Auf langen Fluren hängen bunte Gebilde aus Pappmaché, Gemälde und Fotografien. Relikte aus mittlerweile fünf Jahren kreativer Nutzung der Viktoria-Kaserne in Altona. Hinter der düsteren Rotklinkerfassade der ehemaligen Infanteriekaserne aus dem 19. Jahrhundert werkeln die Künstler jedoch nicht im stillen Kämmerlein. Regelmäßig veranstalten sie hier im Frappant öffentlich zugängliche Kunstausstellungen, Partys, Konzerte, Filmvorführungen, Kunstworkshops (Fraplab) und Flohmärkte.

Frappant: von der Kaserne zum Kulturzentrum

2010 zogen rund 140 Künstler vom Verein Frappant in der Großen Bergstraße in die wilhelminische Trutzburg ein, nachdem ihr vorheriges Domizil, ein verlassenes Karstadtgebäude, dem Bau einer Ikea-Filiale weichen musste. Was zunächst als Übergangslösung gedacht war, wurde jetzt eine neue Heimat. Mit Sekt und Suppe feierten im Februar diesen Jahres Mitglieder des Frappants und der Initiative Lux & Konsorten, die sich für günstigen Gewerberaum einsetzt, den Verkauf der Kaserne von der Stadt an die Fux eG. Nach langem Hin und Her machte die Stadt der extra für diesen Zweck gegründeten Genossenschaft ein gutes Angebot.

Offkulturszene: tief verwurzelt in der Stadt

Das Frappant ist in Hamburg zwar ein einzigartiger, aber kein einmaliger Ort. Auch in der Hafenstraße auf St. Pauli, der roten Flora in der Schanze, im Frappant in Altona, im Gängeviertel in der Neustadt und am Oberhafen hinter der Hafencity florieren Orte der kulturellen Vernetzung und auch des Widerstands gegen das Establishment. Dennoch entstehen dort Impulse und Strömungen, die ihren Weg mitunter bis in die etablierten Hamburger Kulturinstitutionen finden. Die sozialkritische Kunst beeinflusst den Spielplan am Thalia Theater, am Schauspielhaus und auf Kampnagel. Auch die Kunsthalle kooperiert immer wieder mit alternativen Kulturschaffenden. In Hamburg operieren Nischen nicht komplett abgeschottet vom Hochkulturbetrieb, sondern alles durchmischt sich.

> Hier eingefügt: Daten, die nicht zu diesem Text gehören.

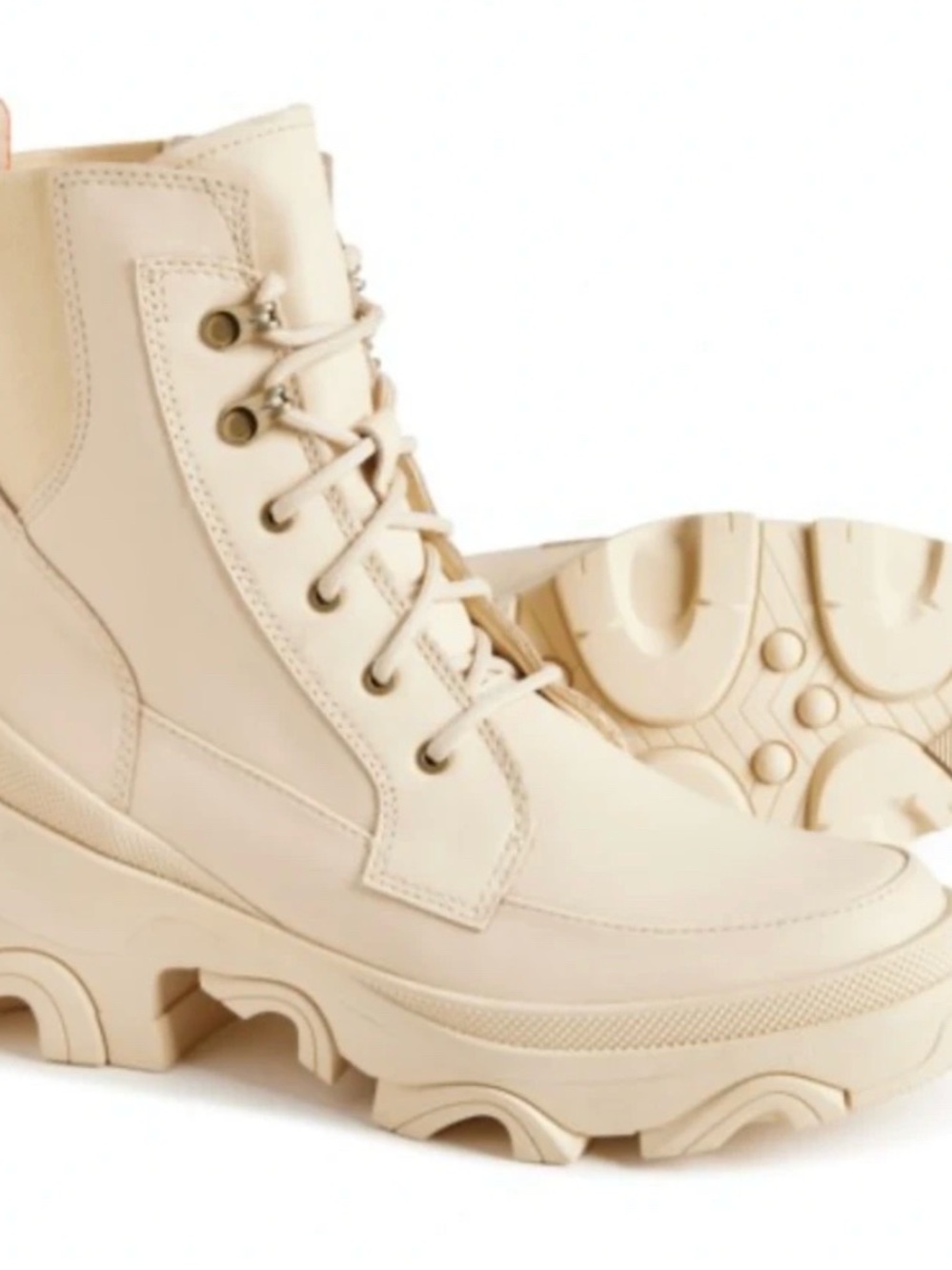 Sorel Chunky Lace-Up Winter Boots in Pale Cream Size 7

Noch in den 80er Jahren kam es bei der Besetzung der Hafenstraßenhäuser, wo direkt an der Elbe ein Geschäftsviertel mit Bürotürmen entstehen sollte, zu blutigen Häuserkämpfen. Daraus hat die Stadt gelernt – und lässt sich mittlerweile nicht nur auf bestimmte Raumforderungen ein, sondern unterstützt sie sogar aktiv. Das zeigt auch die Geschichte der friedlichen Raumnahme des Gängeviertels.

(ThisIsJulia Photography)

Gängeviertel: ein gallisches Dorf in Hamburg

Mitten in der geschäftigen Neustadt, zwischen Hochhäusern aus Glas und Beton, betritt man durch einen Torbogen eine andere Welt: das Gängeviertel. Seit fast sechs Jahren tobt nun schon das kulturelle Leben in den zwölf Gebäuden zwischen Valentinskamp, Caffamacherreihe und der Speckstraße. Von den Wänden bröckelt der Putz, an allen Ecken stehen große Installationen. Herzstück des Viertels ist die Fabrik, in der ganzjährig Konzerte, Ausstellungen, Performances und Lesungen und stadt- sowie gesellschaftspolitische Diskussionen stattfinden. In den Galerien Speckstraße und im Raum linksrechts stellen unterschiedliche Künstler aus. In der Jupibar im Jupihaus zahlt jeder für seine Getränke so viel, wie er selbst für angemessen hält.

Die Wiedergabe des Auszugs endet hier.